══ The data
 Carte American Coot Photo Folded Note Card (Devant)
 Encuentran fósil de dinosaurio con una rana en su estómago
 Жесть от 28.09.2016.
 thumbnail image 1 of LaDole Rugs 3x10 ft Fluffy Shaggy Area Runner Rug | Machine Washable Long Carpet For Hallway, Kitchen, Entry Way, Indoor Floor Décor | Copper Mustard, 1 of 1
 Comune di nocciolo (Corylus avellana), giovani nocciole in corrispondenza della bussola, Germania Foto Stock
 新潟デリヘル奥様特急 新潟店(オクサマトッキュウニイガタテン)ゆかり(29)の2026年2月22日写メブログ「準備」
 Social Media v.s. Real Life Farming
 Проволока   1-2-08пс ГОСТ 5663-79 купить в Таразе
════
══ The data
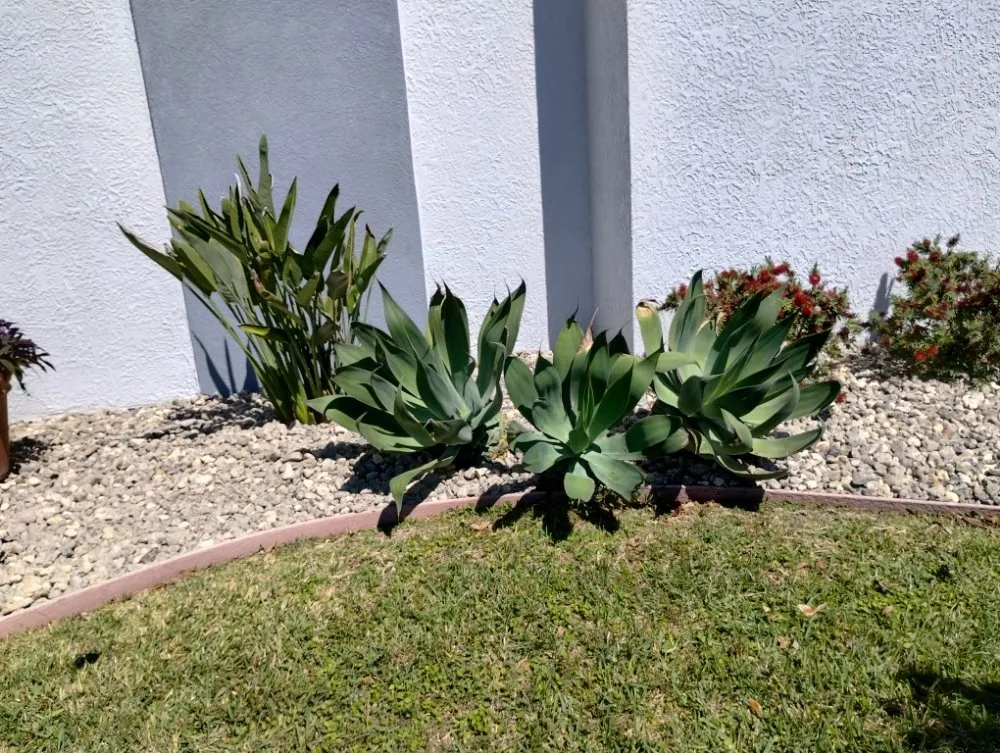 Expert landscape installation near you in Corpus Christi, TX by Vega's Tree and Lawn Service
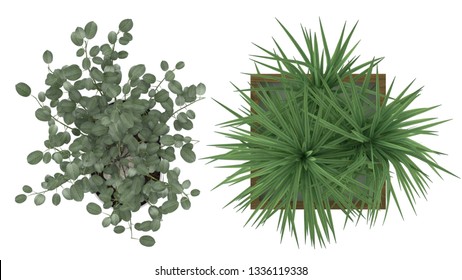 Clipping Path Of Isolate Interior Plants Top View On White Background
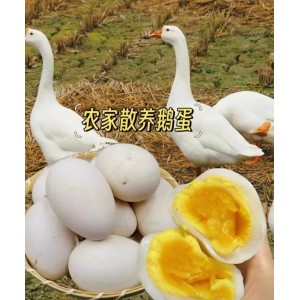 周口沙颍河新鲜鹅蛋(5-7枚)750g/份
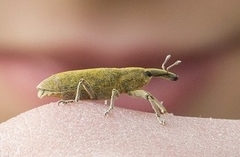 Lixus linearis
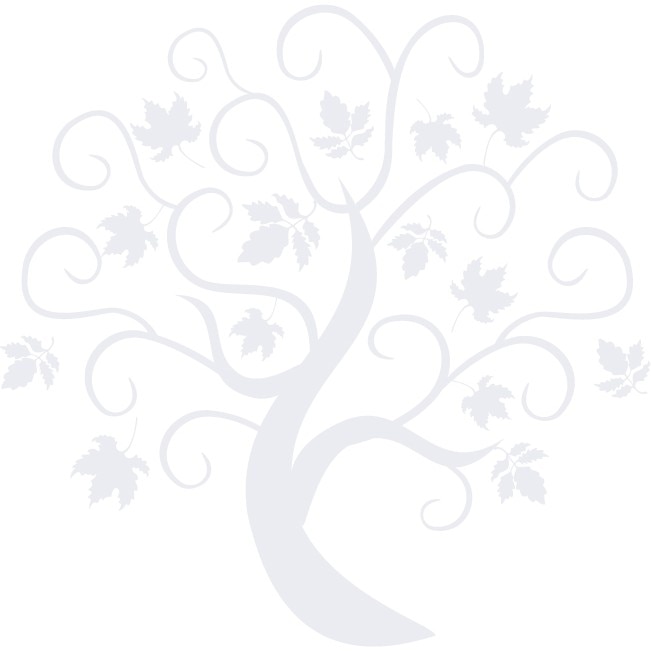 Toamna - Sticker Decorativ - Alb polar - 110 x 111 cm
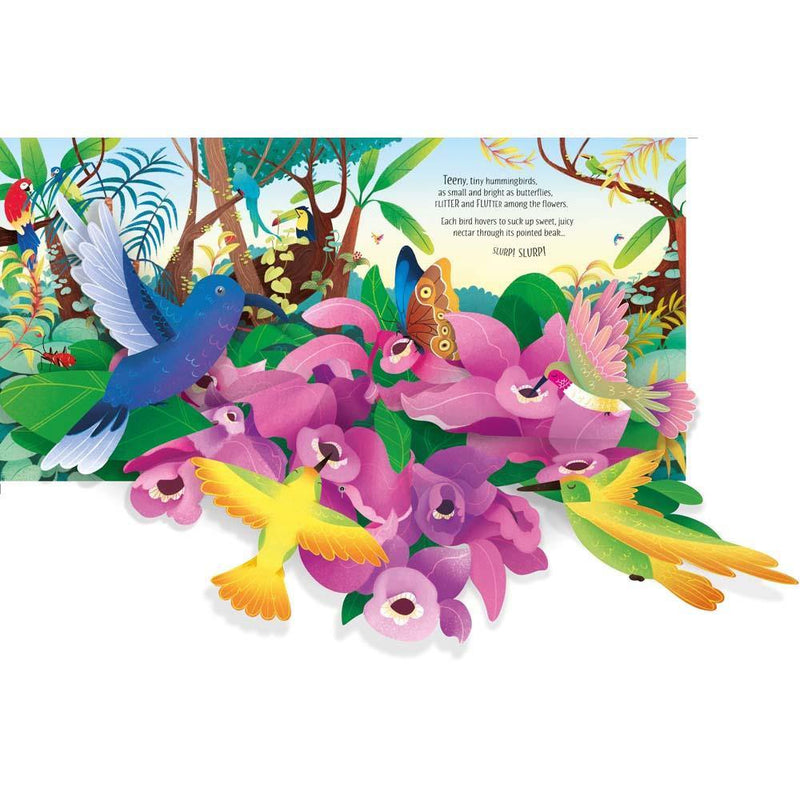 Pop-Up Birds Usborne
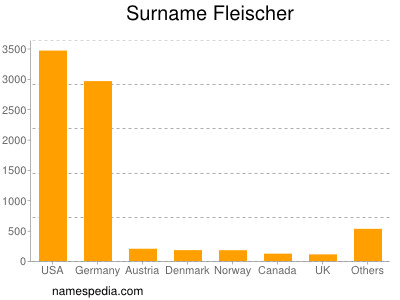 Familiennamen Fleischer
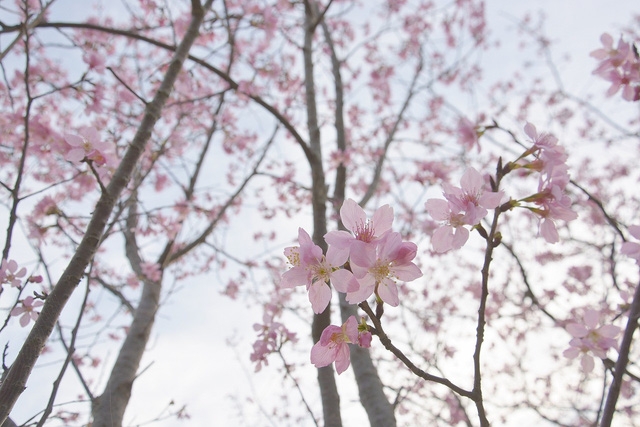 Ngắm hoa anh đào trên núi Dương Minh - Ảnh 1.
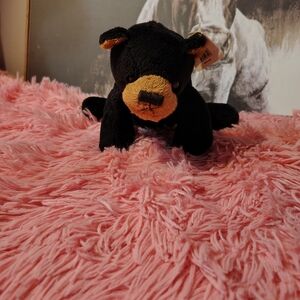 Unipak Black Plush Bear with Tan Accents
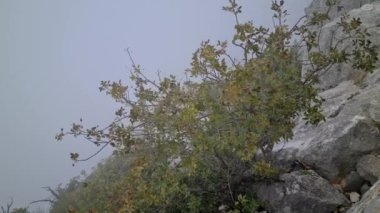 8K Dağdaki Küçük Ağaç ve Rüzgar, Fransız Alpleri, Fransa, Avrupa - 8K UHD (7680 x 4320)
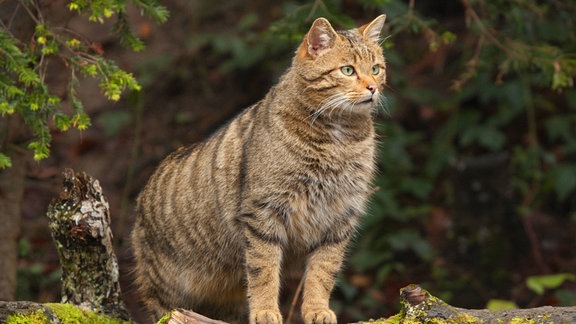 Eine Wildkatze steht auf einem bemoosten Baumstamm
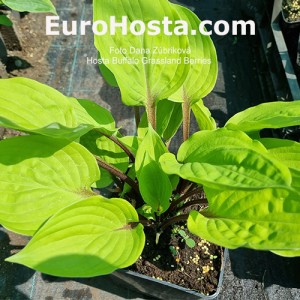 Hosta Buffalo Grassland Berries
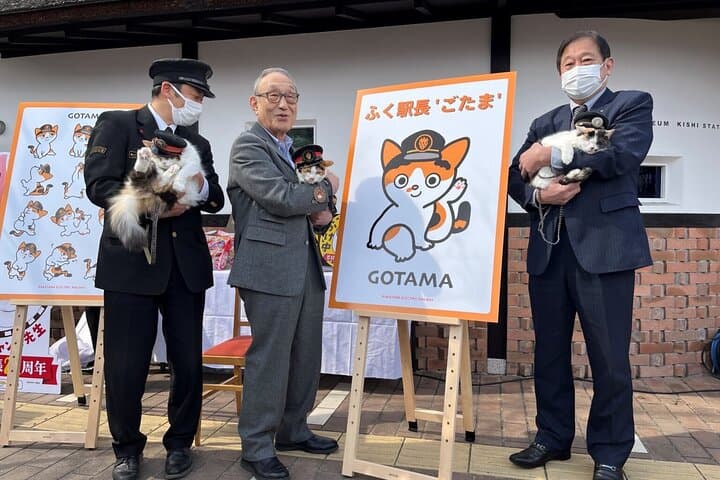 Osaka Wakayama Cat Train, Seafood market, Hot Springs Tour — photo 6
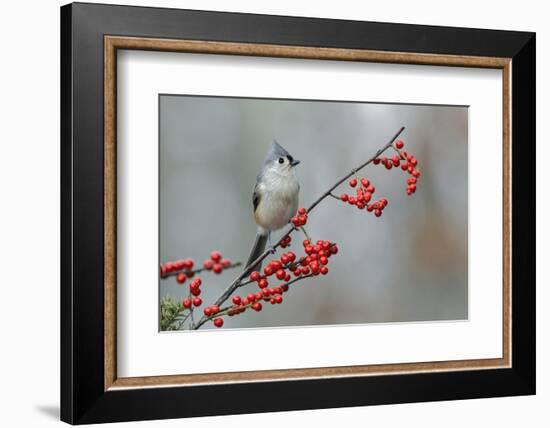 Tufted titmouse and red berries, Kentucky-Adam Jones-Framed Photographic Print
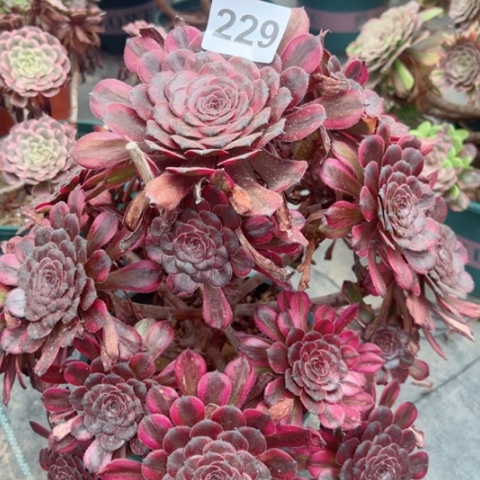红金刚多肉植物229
════
══ The data
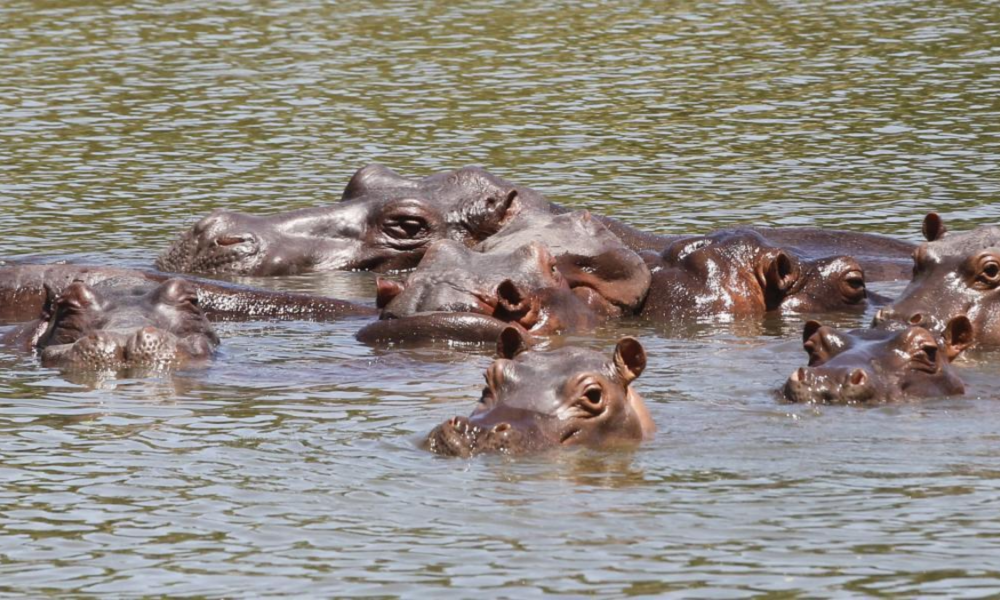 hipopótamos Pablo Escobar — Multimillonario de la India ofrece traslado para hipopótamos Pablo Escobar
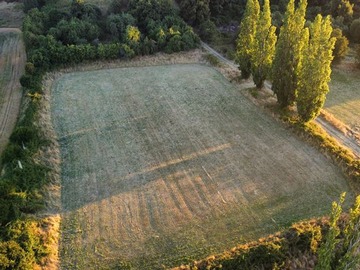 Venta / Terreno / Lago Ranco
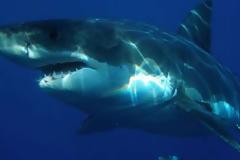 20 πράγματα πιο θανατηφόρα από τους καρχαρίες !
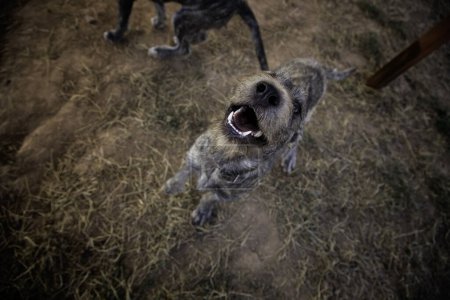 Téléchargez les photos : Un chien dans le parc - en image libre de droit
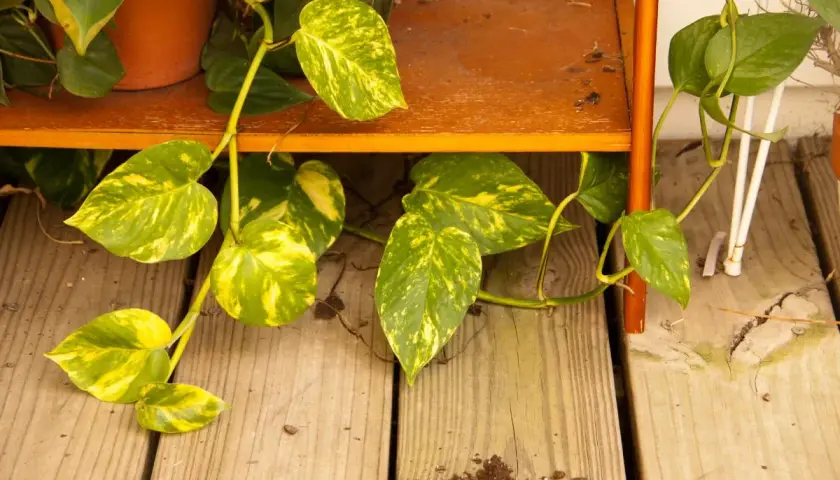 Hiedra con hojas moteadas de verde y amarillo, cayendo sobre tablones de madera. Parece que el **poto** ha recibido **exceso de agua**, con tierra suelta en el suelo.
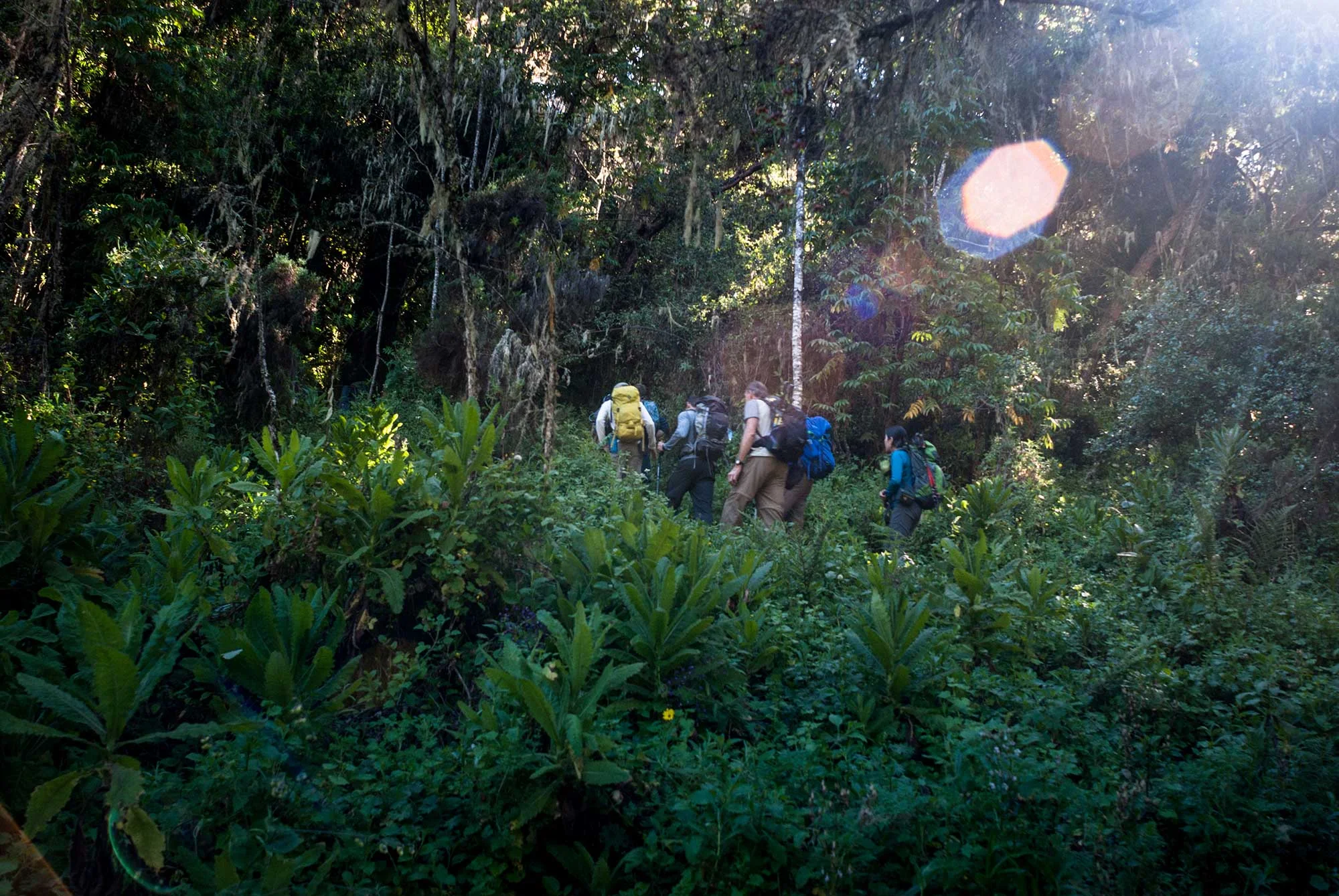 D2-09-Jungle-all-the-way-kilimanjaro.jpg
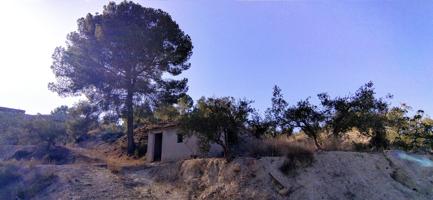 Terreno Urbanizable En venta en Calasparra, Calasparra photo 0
════
> [Description of the task]: Looking at the data above, write out exactly the lines that start at the one containing "Carte American Coot" and end at the one containing "Жесть от 28.09.2016."; include both and nothing beyond.

> [Written response]:
 Carte American Coot Photo Folded Note Card (Devant)
 Encuentran fósil de dinosaurio con una rana en su estómago
 Жесть от 28.09.2016.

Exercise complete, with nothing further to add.